Instructor(s) Edwards, Timothy
This three credit seminar teaches the important skills that lawyers use up until the time of trial. Since the vast majority of cases settle before trial, a lawyer's success has at least as much to do with mastery of the nuts and bolts of pre-trial advocacy as courtroom prowess. The seminar will use a simulation approach to cover skills that include:
* Interviewing and counseling clients.
* Drafting a complaint.
* Drafting interrogatories and responses to interrogatories.
* Taking and defending depositions.
* Drafting a pre-trial memorandum.
* Participating in a mediation conference.
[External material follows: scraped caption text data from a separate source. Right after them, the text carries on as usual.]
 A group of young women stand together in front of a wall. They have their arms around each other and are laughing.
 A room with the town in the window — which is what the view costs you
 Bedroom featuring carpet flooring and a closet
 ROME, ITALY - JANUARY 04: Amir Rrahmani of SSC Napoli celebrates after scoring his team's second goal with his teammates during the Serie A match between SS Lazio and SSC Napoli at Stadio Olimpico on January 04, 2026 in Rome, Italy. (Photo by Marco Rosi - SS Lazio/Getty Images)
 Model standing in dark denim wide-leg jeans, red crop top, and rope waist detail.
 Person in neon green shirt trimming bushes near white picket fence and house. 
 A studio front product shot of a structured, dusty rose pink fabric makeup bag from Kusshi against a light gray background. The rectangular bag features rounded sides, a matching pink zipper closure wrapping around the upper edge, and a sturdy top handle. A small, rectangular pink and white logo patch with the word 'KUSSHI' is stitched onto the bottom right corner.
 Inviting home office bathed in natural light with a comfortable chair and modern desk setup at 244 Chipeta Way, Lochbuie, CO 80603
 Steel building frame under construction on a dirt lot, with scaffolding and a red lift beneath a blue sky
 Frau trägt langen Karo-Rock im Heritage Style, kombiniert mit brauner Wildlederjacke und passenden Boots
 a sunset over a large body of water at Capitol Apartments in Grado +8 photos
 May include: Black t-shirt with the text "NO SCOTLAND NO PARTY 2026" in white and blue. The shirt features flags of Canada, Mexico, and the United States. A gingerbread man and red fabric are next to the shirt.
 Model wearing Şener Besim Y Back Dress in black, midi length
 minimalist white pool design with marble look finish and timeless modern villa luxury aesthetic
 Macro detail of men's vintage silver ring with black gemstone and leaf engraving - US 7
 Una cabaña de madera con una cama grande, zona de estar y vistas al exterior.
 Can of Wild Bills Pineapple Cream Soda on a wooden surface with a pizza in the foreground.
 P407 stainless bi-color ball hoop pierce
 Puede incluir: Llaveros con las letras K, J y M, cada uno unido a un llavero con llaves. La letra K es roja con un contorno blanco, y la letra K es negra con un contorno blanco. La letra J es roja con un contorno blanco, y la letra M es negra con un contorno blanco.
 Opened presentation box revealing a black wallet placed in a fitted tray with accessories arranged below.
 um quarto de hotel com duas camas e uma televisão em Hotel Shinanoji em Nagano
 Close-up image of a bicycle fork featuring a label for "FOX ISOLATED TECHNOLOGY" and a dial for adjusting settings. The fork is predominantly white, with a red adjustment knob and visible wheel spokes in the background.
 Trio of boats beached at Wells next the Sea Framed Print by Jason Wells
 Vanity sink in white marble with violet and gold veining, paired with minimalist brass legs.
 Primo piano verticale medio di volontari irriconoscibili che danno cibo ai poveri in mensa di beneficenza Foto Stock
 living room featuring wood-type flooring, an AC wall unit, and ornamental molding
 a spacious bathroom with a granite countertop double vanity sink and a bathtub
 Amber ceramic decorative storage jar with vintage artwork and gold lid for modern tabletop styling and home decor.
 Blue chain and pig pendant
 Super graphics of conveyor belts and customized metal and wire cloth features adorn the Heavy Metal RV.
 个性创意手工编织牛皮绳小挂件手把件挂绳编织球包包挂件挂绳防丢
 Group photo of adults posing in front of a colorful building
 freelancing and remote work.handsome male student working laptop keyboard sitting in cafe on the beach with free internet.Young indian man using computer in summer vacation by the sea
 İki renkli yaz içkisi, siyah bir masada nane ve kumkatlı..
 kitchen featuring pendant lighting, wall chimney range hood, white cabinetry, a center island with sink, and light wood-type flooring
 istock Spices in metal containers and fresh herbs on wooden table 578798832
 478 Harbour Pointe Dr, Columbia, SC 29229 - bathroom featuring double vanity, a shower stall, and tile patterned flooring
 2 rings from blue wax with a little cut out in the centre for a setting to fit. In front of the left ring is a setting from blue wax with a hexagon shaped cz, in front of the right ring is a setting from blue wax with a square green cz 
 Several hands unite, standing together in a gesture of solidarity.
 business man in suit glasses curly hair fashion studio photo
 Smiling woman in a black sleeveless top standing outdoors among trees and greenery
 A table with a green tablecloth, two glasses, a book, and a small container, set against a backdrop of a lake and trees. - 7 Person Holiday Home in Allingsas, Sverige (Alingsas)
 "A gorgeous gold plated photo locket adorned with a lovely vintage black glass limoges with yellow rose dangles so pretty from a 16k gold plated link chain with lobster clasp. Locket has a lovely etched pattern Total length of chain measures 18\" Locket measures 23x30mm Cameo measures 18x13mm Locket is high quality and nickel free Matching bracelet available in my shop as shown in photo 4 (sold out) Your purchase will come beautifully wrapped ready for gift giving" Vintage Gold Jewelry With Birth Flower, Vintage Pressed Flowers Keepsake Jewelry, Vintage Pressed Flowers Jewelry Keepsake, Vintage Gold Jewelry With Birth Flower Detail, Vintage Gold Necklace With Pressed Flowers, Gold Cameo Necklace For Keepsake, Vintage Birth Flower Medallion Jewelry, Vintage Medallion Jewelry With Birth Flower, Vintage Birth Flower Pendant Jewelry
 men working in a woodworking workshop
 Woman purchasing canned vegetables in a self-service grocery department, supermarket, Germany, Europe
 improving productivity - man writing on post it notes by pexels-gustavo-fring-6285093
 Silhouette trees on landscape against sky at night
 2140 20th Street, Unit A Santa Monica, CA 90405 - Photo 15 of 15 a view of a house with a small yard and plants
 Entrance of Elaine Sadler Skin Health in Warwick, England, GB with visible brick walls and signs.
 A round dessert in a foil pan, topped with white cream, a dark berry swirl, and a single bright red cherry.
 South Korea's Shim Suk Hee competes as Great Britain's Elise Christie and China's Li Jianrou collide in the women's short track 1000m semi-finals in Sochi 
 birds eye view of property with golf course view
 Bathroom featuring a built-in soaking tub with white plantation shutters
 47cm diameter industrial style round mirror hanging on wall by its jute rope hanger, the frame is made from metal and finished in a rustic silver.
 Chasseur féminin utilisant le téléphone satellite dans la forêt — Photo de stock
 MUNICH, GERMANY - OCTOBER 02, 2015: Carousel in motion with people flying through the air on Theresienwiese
Students will receive immediate feedback from the instructors on the in-class simulations. The seminar is limited to approx 36 students. Second and third year students are eligible. This course is being offered on a pass/fail basis.
Expectations and Goals
By the end of this course, students should:
* Acquire a deeper understanding of how the Federal Rules of Civil Procedure work from a strategic perspective in the context of actual litigation;
* Develop negotiation skills in the “meet and confer” context;
* Begin developing the ability to exercise judgment, based on acquired knowledge, in hypothetical situations that mirror real life litigation;
* Understand the process of litigation from filing to final judgment in a strategic and professional manner;
* Develop the ability to identify client objectives and craft litigation strategy; and,
* Learn to appreciate a lawyer’s role in civil litigation, including the use of procedural tools such as discovery and motions, as well as how to conduct oneself consistent with the standards of professional conduct.